■ **Task statement**
All that should be output is the block of lines below from the line with "Куклы Мокси Moxie лотом" to the line with "Kimmo Hakola (geb. 1958): Klavierkonzert, CD", both included, exactly as written.

■ **Exercise material**
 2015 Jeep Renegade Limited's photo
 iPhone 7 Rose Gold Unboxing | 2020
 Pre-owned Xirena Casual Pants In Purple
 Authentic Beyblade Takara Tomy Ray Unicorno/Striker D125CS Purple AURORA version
==
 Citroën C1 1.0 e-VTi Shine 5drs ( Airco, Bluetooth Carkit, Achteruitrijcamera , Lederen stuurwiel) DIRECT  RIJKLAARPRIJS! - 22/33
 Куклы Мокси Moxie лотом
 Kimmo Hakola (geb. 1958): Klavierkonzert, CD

■ **Result of the task**
 Куклы Мокси Moxie лотом
 Kimmo Hakola (geb. 1958): Klavierkonzert, CD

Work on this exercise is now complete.